Ulrich Boser, a former U.S. News reporter, is the author of "The Gardner Heist: The True Story of the World's Largest Unsolved Art Theft."

Still, recovering stolen art isn't easy. Part of the problem is figuring out the exact motivation; people steal art for all sorts of reasons. Some thieves are gangsters hoping to pilfer a trophy. Some are disgruntled security guards looking for revenge. Sometimes curators pocket artifacts because they believe that they can take better care of them than the museum or gallery that owns them. A thief once swiped a Chagall painting from New York City's Jewish Museum, and a few days later the institution received a ransom note, saying that the canvas would not be returned until Israel and the Palestinians made lasting peace. (Some months later, the Chagall was recovered in a postal center in Topeka, Kan., and investigators now believe that the thief tried to get rid of the work by sending it as a dead letter.)

For the most part, though, the crooks are motivated by cash. While the art market has slumped in recent months along with the rest of the economy, a top painting still can fetch tens of millions of dollars, with a rare Impressionist work sharing the same value as a corporate jet or a small technology firm. During an FBI sting operation to recover a stolen Rembrandt self-portrait a few years ago, an undercover agent asked the seller if he had any interest in the old master canvas. "No," the man baldly replied. "I'm in it for the money."

But is there really money to be made in art theft? For the most part, the answer is no. Criminals have few options when it comes to profiting from art crime. Auction houses have no interest in selling looted art; legitimate collectors have no interest in purchasing it. Even keeping stashes of stolen art for pleasure is unlikely. Investigators have never found any evidence of a so-called Dr. No (named after the villain from the James Bond movie), a shady, art-loving millionaire who snaps up stolen paintings for late-night viewing in the basement of his Caribbean mansion. "Art theft is a crime of opportunity," says Agent Wynne. "The problem for the thieves is that you can't sell the stuff. If it is so noteworthy and so valuable, it's extraordinarily hard to sell."

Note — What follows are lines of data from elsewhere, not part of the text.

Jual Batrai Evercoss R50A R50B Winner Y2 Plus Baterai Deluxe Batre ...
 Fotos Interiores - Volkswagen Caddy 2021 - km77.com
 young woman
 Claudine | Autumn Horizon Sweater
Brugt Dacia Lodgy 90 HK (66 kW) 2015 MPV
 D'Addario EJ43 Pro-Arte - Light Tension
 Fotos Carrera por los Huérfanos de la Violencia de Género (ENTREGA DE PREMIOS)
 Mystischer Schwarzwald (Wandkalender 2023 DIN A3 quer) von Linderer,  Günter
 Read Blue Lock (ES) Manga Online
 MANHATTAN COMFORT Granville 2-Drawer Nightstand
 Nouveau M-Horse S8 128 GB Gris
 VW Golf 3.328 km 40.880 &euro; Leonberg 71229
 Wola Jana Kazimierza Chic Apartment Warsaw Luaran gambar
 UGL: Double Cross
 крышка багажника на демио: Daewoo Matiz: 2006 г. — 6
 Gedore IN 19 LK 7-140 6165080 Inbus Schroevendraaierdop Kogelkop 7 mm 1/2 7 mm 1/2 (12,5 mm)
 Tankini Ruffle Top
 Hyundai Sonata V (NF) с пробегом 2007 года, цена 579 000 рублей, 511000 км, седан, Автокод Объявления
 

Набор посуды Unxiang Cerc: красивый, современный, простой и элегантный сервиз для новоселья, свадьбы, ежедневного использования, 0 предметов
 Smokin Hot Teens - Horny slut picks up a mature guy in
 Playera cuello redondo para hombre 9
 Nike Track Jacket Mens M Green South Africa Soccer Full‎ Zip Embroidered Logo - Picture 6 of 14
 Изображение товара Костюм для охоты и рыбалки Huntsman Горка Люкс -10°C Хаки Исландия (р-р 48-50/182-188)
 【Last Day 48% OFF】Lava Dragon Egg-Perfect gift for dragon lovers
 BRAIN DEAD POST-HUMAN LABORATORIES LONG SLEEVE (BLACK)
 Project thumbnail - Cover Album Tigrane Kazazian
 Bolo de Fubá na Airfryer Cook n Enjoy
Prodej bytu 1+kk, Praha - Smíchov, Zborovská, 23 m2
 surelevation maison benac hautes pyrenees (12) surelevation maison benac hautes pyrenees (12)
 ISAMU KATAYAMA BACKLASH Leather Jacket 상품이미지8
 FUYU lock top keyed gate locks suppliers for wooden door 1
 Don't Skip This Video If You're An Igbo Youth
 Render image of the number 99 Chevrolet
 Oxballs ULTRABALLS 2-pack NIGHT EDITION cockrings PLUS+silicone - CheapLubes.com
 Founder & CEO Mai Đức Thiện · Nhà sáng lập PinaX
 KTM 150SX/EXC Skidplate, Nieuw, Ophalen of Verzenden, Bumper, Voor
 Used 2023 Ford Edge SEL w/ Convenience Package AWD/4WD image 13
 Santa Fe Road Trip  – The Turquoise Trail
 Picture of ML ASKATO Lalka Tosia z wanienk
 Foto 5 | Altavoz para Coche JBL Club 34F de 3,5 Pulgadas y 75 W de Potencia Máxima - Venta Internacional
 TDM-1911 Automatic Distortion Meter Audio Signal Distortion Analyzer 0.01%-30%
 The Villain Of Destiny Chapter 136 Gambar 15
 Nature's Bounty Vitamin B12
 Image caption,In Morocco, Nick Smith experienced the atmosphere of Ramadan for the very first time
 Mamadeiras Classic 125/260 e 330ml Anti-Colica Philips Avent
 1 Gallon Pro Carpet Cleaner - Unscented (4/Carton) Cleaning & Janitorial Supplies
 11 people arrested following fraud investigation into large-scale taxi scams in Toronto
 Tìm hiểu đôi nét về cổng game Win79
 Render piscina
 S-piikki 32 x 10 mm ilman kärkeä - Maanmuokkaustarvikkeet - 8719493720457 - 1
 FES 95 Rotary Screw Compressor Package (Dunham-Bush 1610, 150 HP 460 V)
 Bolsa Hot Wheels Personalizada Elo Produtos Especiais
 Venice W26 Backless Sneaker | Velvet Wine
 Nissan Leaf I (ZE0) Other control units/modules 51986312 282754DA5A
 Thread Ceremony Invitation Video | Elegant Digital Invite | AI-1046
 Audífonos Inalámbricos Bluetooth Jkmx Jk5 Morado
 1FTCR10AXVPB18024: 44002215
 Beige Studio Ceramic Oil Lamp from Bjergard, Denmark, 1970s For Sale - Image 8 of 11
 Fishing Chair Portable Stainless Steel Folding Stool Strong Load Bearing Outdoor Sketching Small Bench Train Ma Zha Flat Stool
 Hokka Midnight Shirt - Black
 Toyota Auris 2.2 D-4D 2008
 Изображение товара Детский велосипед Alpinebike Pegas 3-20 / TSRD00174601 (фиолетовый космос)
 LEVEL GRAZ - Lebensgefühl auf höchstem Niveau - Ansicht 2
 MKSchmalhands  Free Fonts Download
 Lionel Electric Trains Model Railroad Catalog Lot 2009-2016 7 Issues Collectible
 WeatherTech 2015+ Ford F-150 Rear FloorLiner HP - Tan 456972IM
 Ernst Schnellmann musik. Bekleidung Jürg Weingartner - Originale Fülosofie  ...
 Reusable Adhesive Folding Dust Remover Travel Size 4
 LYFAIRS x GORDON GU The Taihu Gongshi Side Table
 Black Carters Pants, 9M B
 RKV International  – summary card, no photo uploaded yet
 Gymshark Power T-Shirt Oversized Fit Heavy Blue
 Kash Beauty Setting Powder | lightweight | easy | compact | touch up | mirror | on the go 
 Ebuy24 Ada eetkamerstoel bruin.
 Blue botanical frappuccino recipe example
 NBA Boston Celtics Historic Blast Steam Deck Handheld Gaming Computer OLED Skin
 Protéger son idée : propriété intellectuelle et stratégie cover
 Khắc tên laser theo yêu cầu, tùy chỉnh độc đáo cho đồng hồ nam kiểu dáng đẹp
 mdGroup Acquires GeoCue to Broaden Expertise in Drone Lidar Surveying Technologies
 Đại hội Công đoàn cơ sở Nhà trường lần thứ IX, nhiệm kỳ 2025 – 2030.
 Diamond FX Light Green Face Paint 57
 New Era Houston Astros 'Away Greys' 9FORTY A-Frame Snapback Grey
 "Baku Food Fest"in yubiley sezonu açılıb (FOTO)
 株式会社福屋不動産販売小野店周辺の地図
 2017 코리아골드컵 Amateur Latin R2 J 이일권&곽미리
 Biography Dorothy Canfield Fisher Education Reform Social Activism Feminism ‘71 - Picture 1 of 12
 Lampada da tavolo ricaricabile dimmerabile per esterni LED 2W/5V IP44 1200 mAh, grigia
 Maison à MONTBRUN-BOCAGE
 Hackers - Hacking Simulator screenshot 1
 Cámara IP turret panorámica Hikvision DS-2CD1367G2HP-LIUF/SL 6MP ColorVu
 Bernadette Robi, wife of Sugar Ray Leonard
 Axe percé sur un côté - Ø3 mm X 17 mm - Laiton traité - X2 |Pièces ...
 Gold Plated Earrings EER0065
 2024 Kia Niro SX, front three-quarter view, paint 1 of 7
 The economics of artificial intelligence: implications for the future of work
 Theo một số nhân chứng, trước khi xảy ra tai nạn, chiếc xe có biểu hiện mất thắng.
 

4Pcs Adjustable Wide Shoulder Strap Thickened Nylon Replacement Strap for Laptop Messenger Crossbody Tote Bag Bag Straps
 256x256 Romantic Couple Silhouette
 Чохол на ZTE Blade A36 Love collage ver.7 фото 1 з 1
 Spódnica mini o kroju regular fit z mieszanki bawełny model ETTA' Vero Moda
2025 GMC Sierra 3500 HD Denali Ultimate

Most stolen art ends up slipping into the criminal netherworld. Crooks will hide the item in an attic and wait for a good time to sell it, or an enterprising rogue might trade the pilfered work to other criminals for guns and drugs as a sort of underworld currency. And through dedicated investigative work and good relationships with art dealers and collectors, the bureau has been able to track down more than 1,000 stolen objects over the past four years.

The FBI often recovers artworks when they come up for sale, as oblivious criminals regularly bring hot art into Christie's or Sotheby's not knowing that the auctioneers vet objects before they go under the hammer. It helps, too, that crooks don't typically have much of an understanding of art and art history. A handyman once swiped a painting from a home in Connecticut and sold the canvas to a local antiques dealer for $100. He later told investigators that he was hoping to make a little cash. But it turned out that French artist Henri Fantin-Latour had created the work, and it was worth more than $1 million.

Still, many art theft cases take years, decades, even more than a century, to crack. During the final days of the Civil War, Union Army soldiers stole North Carolina's Bill of Rights out of the state Capitol. Commissioned by President George Washington, the document was one of only 14 copies created after Congress proposed the first amendments, and for more than 140 years, it remained missing. Then, in 2003, two antiques dealers tried to peddle the work for $4 million. A millionaire philanthropist showed interest in the document, claiming that he would buy the artifact on behalf of Philadelphia's Constitution Center. But the philanthropist was actually an undercover FBI agent, and investigators seized the document. "It was like touching history," one agent said.